Caption-style text data:
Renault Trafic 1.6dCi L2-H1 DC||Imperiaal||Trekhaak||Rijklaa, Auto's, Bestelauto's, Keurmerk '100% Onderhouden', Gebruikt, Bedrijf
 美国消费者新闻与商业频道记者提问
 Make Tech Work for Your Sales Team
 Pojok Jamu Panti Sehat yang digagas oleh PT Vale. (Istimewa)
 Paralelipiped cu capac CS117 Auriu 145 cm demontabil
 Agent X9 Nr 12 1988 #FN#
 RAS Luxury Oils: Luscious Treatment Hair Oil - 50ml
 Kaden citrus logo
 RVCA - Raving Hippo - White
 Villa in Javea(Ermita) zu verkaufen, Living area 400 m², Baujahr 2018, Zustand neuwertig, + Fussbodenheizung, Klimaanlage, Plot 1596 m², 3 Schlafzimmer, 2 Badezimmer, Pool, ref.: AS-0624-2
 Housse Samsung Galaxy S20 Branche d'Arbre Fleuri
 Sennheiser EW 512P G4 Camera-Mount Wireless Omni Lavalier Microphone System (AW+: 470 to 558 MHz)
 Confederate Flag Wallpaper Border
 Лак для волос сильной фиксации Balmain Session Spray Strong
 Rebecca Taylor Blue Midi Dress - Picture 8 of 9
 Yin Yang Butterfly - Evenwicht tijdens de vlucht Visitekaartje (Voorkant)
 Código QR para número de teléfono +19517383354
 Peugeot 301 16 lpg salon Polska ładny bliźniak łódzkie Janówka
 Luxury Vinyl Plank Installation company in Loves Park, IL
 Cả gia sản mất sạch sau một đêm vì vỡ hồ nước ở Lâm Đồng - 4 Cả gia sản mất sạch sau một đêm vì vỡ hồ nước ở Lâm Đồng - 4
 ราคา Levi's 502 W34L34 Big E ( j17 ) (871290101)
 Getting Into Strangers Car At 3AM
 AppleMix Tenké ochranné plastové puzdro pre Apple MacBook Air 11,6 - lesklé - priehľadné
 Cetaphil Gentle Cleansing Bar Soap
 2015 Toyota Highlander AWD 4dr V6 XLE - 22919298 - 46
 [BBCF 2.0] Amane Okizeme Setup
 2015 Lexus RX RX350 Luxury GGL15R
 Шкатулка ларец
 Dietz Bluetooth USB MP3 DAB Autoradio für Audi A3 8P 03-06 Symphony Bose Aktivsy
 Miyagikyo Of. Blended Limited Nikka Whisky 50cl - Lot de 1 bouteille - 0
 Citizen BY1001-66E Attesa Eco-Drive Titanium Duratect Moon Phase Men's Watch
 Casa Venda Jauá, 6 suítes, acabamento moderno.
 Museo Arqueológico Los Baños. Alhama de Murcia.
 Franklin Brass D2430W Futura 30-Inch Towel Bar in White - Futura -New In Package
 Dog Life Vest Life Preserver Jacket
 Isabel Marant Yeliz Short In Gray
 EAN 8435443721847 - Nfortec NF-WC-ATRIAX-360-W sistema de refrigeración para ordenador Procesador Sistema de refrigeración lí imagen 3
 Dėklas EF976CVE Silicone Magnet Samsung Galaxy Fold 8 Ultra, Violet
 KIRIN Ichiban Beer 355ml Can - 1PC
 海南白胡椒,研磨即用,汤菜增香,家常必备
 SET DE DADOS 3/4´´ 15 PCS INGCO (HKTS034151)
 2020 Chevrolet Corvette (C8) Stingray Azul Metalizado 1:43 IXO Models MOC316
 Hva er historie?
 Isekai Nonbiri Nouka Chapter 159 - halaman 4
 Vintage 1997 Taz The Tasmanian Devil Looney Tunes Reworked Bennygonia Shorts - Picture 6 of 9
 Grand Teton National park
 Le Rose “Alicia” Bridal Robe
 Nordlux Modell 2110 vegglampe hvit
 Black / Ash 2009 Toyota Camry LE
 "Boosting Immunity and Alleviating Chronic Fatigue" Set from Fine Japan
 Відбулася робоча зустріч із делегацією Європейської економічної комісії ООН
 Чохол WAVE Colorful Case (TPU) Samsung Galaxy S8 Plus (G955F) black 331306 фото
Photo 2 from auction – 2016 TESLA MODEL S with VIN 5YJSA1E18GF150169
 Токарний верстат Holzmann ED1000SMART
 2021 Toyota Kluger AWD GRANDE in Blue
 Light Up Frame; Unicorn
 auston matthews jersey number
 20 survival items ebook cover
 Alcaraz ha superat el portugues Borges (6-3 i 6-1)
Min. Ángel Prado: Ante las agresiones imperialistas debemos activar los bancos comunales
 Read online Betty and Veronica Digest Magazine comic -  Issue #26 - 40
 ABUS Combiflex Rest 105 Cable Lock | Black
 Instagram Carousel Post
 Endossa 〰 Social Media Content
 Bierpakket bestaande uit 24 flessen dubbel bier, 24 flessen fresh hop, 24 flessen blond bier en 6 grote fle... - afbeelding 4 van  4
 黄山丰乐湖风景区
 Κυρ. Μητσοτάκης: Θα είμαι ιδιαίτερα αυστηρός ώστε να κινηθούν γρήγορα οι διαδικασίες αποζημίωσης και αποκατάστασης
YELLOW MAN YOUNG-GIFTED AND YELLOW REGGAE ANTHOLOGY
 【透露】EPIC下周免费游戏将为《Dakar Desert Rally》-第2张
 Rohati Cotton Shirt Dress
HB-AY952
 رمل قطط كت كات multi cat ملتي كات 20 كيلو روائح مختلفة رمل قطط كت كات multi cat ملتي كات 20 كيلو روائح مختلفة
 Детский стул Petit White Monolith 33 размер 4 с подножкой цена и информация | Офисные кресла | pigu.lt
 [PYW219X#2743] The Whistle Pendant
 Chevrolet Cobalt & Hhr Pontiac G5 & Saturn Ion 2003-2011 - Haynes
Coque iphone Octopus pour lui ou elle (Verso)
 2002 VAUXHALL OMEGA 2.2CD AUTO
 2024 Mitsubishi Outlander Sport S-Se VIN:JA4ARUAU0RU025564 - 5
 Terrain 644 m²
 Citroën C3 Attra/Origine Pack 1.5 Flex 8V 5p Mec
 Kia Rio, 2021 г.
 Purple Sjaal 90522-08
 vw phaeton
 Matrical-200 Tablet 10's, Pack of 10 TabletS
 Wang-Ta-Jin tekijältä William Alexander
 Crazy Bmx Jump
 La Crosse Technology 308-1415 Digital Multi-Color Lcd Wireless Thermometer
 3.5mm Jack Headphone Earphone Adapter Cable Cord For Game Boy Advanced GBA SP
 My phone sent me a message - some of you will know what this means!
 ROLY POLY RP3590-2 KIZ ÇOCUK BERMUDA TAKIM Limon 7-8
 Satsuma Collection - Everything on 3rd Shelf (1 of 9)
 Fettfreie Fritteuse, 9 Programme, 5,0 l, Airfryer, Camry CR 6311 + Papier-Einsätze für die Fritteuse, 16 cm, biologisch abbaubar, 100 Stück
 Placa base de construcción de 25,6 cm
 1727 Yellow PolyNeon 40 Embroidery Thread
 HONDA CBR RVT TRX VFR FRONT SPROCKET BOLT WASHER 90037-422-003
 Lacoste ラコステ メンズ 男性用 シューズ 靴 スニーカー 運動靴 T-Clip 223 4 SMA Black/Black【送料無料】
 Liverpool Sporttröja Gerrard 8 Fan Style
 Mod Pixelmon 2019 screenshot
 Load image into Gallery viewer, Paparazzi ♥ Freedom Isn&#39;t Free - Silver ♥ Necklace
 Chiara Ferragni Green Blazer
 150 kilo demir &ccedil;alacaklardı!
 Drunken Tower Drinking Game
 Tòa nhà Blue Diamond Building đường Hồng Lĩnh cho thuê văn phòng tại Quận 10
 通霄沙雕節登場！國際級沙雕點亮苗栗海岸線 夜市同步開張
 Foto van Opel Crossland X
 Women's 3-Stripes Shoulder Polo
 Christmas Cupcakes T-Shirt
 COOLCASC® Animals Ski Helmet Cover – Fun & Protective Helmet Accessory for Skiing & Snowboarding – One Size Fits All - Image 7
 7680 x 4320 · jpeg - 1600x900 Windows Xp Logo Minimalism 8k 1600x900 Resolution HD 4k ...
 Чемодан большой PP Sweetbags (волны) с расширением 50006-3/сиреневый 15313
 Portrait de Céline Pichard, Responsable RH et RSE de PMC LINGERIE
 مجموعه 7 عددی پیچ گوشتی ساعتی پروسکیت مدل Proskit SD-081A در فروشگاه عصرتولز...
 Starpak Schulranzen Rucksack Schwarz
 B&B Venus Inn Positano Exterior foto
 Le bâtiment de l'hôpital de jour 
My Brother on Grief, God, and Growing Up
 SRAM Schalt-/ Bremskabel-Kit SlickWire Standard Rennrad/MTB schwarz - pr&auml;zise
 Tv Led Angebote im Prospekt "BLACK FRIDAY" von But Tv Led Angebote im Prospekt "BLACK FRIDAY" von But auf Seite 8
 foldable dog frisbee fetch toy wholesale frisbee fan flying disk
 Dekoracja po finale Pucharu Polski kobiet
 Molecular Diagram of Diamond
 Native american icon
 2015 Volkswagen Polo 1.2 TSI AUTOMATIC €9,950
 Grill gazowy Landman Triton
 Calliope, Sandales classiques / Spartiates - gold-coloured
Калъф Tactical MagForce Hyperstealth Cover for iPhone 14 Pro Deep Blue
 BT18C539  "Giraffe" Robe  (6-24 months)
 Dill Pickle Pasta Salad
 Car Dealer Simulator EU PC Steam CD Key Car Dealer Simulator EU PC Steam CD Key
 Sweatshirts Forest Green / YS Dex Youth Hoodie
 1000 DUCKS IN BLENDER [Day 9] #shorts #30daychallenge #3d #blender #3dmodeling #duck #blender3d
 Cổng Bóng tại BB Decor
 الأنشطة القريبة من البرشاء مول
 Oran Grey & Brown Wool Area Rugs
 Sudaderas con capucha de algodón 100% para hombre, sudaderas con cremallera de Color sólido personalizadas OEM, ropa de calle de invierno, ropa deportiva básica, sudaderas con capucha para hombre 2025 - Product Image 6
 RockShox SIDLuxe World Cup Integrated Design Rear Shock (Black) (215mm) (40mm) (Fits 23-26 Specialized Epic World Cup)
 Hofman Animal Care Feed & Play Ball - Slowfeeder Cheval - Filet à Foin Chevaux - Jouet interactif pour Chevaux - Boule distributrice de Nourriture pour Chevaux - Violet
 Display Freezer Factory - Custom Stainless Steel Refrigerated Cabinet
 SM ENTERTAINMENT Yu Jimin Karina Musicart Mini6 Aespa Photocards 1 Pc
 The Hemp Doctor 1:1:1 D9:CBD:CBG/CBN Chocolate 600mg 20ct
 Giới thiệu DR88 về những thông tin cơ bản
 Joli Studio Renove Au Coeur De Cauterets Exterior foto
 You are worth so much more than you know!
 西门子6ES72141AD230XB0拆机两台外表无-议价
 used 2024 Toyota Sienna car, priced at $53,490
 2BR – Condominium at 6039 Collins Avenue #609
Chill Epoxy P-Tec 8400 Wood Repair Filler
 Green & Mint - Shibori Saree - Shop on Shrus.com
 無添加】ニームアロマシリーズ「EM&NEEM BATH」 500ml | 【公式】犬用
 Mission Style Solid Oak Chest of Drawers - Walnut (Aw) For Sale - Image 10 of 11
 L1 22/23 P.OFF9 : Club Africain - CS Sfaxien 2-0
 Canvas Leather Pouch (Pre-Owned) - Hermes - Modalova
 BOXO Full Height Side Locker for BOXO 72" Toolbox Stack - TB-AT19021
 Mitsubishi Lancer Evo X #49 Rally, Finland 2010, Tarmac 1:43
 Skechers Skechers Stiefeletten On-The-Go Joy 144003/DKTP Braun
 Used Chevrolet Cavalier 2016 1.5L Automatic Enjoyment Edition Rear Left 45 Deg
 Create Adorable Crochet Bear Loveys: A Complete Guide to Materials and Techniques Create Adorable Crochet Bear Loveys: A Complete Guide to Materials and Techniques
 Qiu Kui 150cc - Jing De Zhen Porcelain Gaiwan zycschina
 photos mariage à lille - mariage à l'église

EXERCISE AIM> Above are the lines; repeat exactly the ones from the line containing "Oran Grey & Brown Wool Area Rugs" down to the line containing "L1 22/23 P.OFF9", both inclusive.

TASK OUTPUT>
 Oran Grey & Brown Wool Area Rugs
 Sudaderas con capucha de algodón 100% para hombre, sudaderas con cremallera de Color sólido personalizadas OEM, ropa de calle de invierno, ropa deportiva básica, sudaderas con capucha para hombre 2025 - Product Image 6
 RockShox SIDLuxe World Cup Integrated Design Rear Shock (Black) (215mm) (40mm) (Fits 23-26 Specialized Epic World Cup)
 Hofman Animal Care Feed & Play Ball - Slowfeeder Cheval - Filet à Foin Chevaux - Jouet interactif pour Chevaux - Boule distributrice de Nourriture pour Chevaux - Violet
 Display Freezer Factory - Custom Stainless Steel Refrigerated Cabinet
 SM ENTERTAINMENT Yu Jimin Karina Musicart Mini6 Aespa Photocards 1 Pc
 The Hemp Doctor 1:1:1 D9:CBD:CBG/CBN Chocolate 600mg 20ct
 Giới thiệu DR88 về những thông tin cơ bản
 Joli Studio Renove Au Coeur De Cauterets Exterior foto
 You are worth so much more than you know!
 西门子6ES72141AD230XB0拆机两台外表无-议价
 used 2024 Toyota Sienna car, priced at $53,490
 2BR – Condominium at 6039 Collins Avenue #609
Chill Epoxy P-Tec 8400 Wood Repair Filler
 Green & Mint - Shibori Saree - Shop on Shrus.com
 無添加】ニームアロマシリーズ「EM&NEEM BATH」 500ml | 【公式】犬用
 Mission Style Solid Oak Chest of Drawers - Walnut (Aw) For Sale - Image 10 of 11
 L1 22/23 P.OFF9 : Club Africain - CS Sfaxien 2-0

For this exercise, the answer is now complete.